Watch out! New employees could lead to a breach of confidence claim against you
A new employee joins a business. They have lots of new ideas and suggestions. Sounds great but might you be at risk? To put it another way, where is the line between creativity and confidentiality?
Trailfinders Ltd v Travel Counsellors Ltd
There was a rare Court of Appeal judgment on confidential information on 19 January 2021. The Court upheld a decision from the English IP Enterprise Court (IPEC) in a dispute between travel agent Trailfinders Ltd ("Trailfinders") and its competitor Travel Counsellors Ltd ("TCL"), which had hired several former Trailfinders employees. This is a classic situation which faces every industry, including retail. The decision may impose a greater burden on companies to check whether information they receive is confidential. At first instance, the judge found that the former employees had acted in breach of their contracts of employment and in breach of equitable obligations of confidence to Trailfinders, and that TCL had acted in breach of an equitable obligation of confidence. TCL tried to appeal on the grounds that:
the judge applied the wrong legal test in holding that TCL owed an obligation of confidence to Trailfinders in respect of confidential information received from the former employees;
the judge’s approach to the question of what TCL ought to have understood about the information provided to it was wrong and inconsistent with his other conclusions; and
the judge erred in holding TCL liable for breach of confidence.

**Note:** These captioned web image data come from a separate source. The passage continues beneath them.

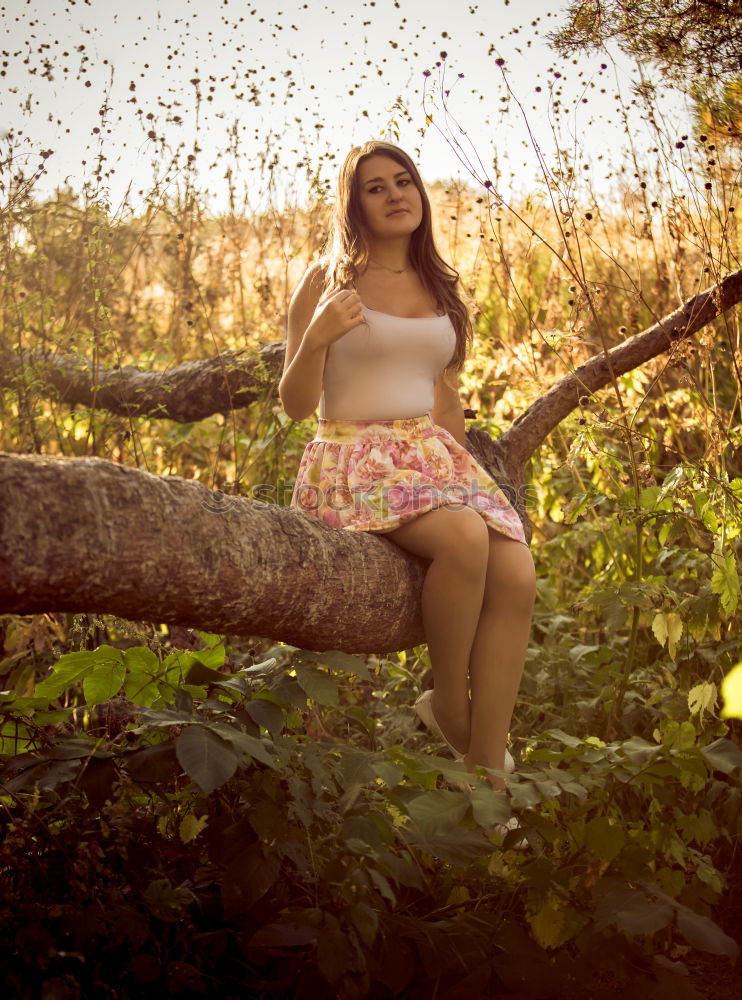 Similar – Summer portrait of long haired teen girl with short jeans shorts and belly top in park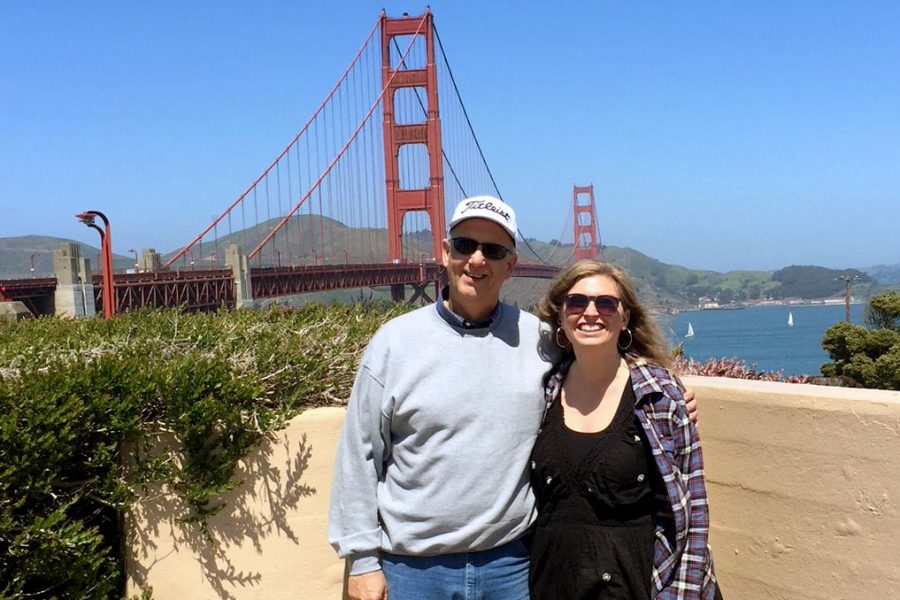 Hays High alumni Delphine Burns poses with journalism instructor Bill Gasper in front of the Golden Gate Bridge.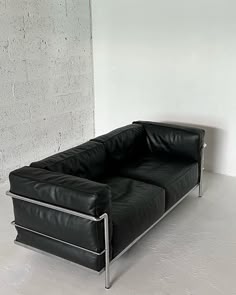 a black leather couch sitting on top of a white floor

The Court of Appeal rejected each of these grounds. Lord Justice Arnold said a “reasonable person” test should be applied. This means that if:
a reasonable person
in the position of the recipient
would in the circumstances be aware that the information may be confidential
then the reasonable person’s response may be to make enquiries."
The type of enquiries depends on the facts but...
if no enquiries are made at all "then an obligation of confidentiality will arise.”
What does this mean?
You need to ask questions if you have any suspicion that the information you have been provided with is confidential (whether from a new employee or otherwise).
In today’s mobile economy, it is increasingly common for employees to move between competitors, which makes disputes over confidentiality more likely to occur. Following this case, all businesses should make sure they take steps to ascertain whether any information that new employees bring with them is confidential. The implications of not doing so could be serious.